The small iron on the right in the photo below looks like it will be perfect for the type of pressing I do while sewing – mostly pressing seam allowances and pressing up hems.
Sad irons are made from cast iron, so they rust if they are not properly seasoned. They are seasoned with oil just like you would season a cast iron cooking pan. Most of the irons I got were in pretty good shape, but I did have to use a pumice stone and a wire brush to get some rust off of a couple of them.
If the seasoning is done properly, you end up with a hard non-stick surface on the iron. The first time I tried seasoning my irons I didn’t do things right. I looked up directions for seasoning cast iron pans, so I thought I knew what to do. I rubbed palm oil on the irons, then baked them at 450° F for an hour and a half. I ended up with a sticky, greasy mess. The thick brown oil residue rubbed off, leaving brown stains, which obviously wasn’t going to work for ironing fabric.

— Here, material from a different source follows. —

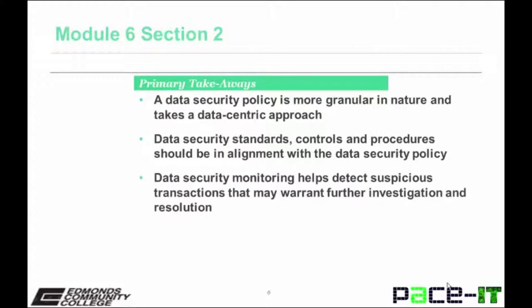Takeaways from this section include the following. The data security policy is more granular in nature and takes a data-centric approach. Data security standards, controls, and procedures should be in alignment with the security policy.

I did some more research to figure out what I did wrong, and found this blog post on seasoning cast iron pans. It turns out that most of the directions you will find online for seasoning cast iron pans are flat-out wrong. The key to success is to use a very thin layer of flax oil, then bake at a high temperature. To get a thick enough coating, you repeat the process several times. I scrubbed the greasy brown residue off my irons and tried again with flax oil, with perfect results. The coating on the irons is black, hard, non-stick, and doesn’t rub off.
I have cast iron frying pans that I rarely use because food sticks to them, but I think I might re-season them too now that I know how to do it right.